By STEVEN NALLEY
The Starkville Board of Aldermen did not act on a public appearance by Hotel Chester owner David Mollendor, who requested adjustments to his water bills after experiencing several days of brown water over three months.
The city’s public works department has received many reports of brown water after a federally mandated chlorine adjustment caused rust particles in Starkville pipes to break off and discolor the water. City officials say despite the discoloration, the water is still potable.
Mollendor said the city should not have charged him for the brown water as he flushed it out of the hotel’s system, and he sought compensation. He said his customers come to his hotel with several expectations, with clean water being among the most basic. When they discover brown water in their rooms, he said, they leave with a poor impression of both the hotel and the city.
“I’m not asking for credit for over 140 staff hours dedicated to flushing out the dirty water and then re-cleaning every fixture during August, September and October filling cycles,” Mollendor said. “I’m not asking for the cost of any lost business.”
Starkville Chief Administrative Officer Lynn Spruill said in her discussions with city officials, she had found nothing the city could do to compensate Mollendor. She said while she had heard inquiries about the brown water from many residents, Mollendor was the only business owner who had inquired.
“We have had (brown water) all over town,” Spruill said, “and it would set a precedent I think that we would find untenable in our ability to sustain our water department enterprise fund if we were to respond to each concern that we have had over the past number of months.”
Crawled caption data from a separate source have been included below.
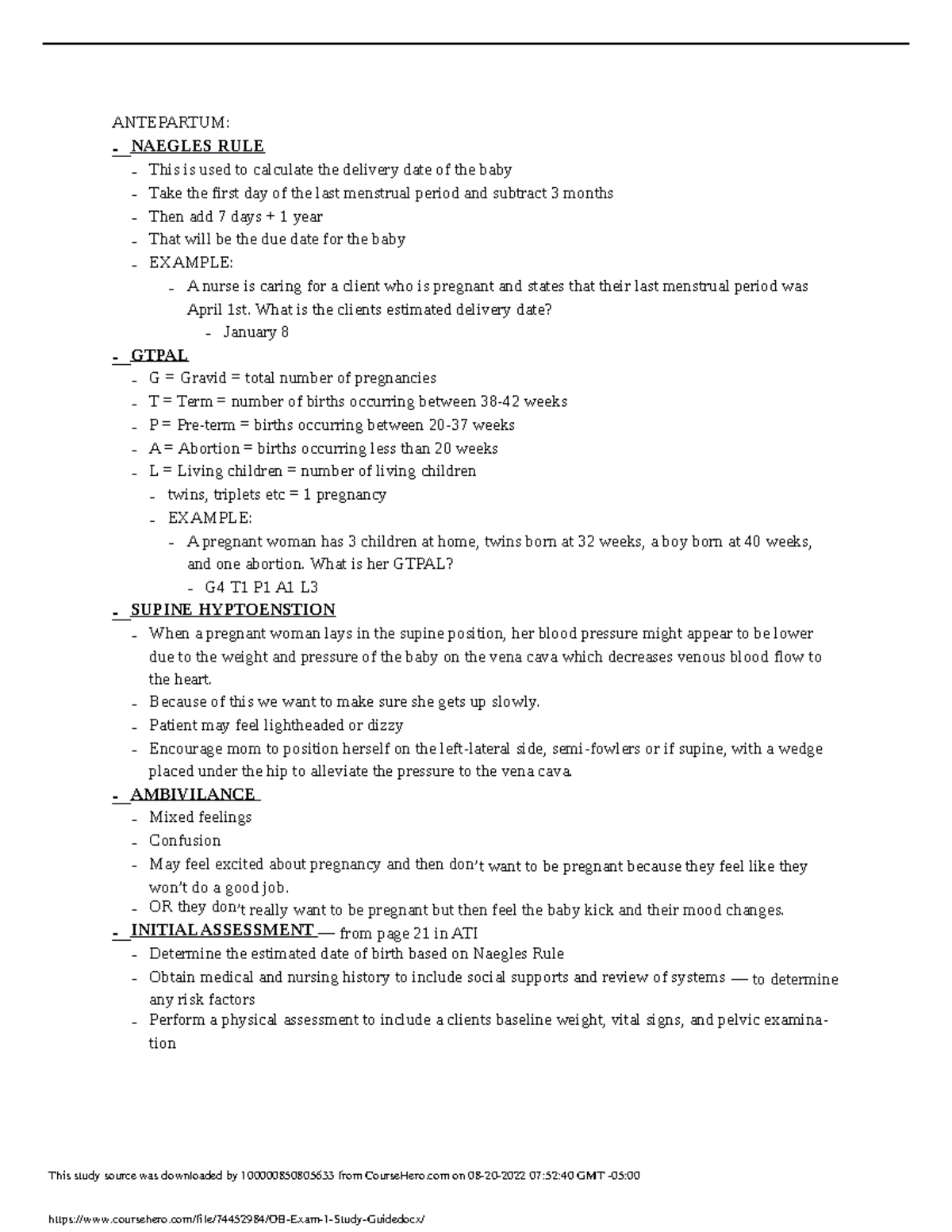 OB Exam 1 Study Guide - ANTEPARTUM: - NAEGLES RULE - This Is Used To ...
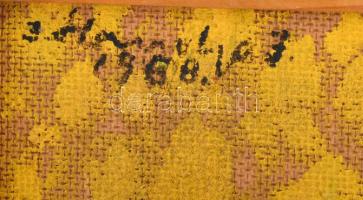 Olvashatatlan jelzéssel, magyar művész: Geometrikus város. Olaj, farost. Kissé kopott fakeretben. 40...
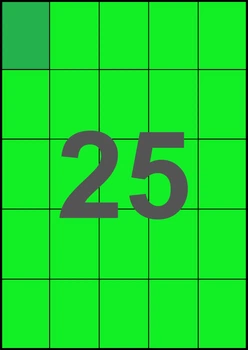 42×59,4мм ЗЕЛЕНАЯ Самоклеящаяся бумага А4, 25 Этикеток на листе, Упаковка 100 листов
City Attorney Chris Latimer said state law controls the issue. He said Article IV of the Mississippi Constitution generally prevents municipalities from waiving fees, and further statutes say a municipality may not provide free utilities. However, he said, the board can make a case to the state for an exception if certain facts come to light.
“The (Attorney General) has looked at utility cases and construed those issues to come up with a waiver exception, and there are two criteria to get the waiver, and both of those criteria have to be met,” Latimer said. “First is that unforeseen circumstances have happened, and second is that the customer did not receive the benefit of the service.”
After Mollendor’s request, Starkville Mayor Parker Wiseman said he has had numerous discussions with Public Services Director Doug Devlin on the issue. Wiseman said the hiring of Ronnie W. Betts, Jr. as a crew leader in the water division of public services was one of a series of hires the city will make specifically to resolve the brown water issue.
“Doug assures me this is a problem that is correctable,” Wiseman said. “We, like many communities throughout the United States right now, are experiencing a fair amount of discoloration in our water supply due to the mandates.”
“What I’ve asked Doug to do is take some time intensively over the next few weeks to investigate what other communities around the country are doing to get at this issue so that we make sure we’re doing everything we can as a community to restore the condition of our water,” Wiseman said. “He will be coming to the board within the next month to make a presentation on what his efforts are going to be to get at the condition of our water and what he believes the attainable results of those efforts will be.”
Mollendor proposed solutions of his own. He said he has found particulate matter in the brown water which grows over time, and he believes this matter can provide a shield and nutrient for unhealthy bacteria. For this reason, Mollendor said, the problem merits a city action plan featuring several measures.
“One (measure) is to develop an early warning system to notify at a minimum nursing care and retirement facilities, hospital and medical facilities, transient lodging facilities and people with compromised immune systems upon first receipt of a brown water problem,” Mollendor said. “It seems naïve to state the water supply is safe at the recipient’s end with the level of turbidity that’s being distributed to end users whenever there’s a brown water incidence.”
Mollendor also said the city needs to consider replacing certain rusty pipes if necessary, investigating the sources of the most excessive particle amounts. He said the city should provide assistance to the “needy and handicapped” when they need to flush brown water from their water heaters.
“Homes and businesses might need recommendations on how to minimize further contamination of their water system, for installing their own filtering equipment, for example,” Mollendor said. “Give them some idea of pros and cons and costs so that they’re put in the position of being able to make an objective decision.”